**Exercise details:** All lines from the one with "okuz - Çärjew - img 2" through the final line of the records below must be written out exactly, with no other text.

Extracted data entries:

=-=-=-=-=

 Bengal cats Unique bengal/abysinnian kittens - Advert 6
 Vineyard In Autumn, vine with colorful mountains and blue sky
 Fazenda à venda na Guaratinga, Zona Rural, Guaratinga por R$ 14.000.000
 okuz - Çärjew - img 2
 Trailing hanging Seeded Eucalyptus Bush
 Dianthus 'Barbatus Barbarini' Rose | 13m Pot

=-=-=-=-=

**Answer:**
 okuz - Çärjew - img 2
 Trailing hanging Seeded Eucalyptus Bush
 Dianthus 'Barbatus Barbarini' Rose | 13m Pot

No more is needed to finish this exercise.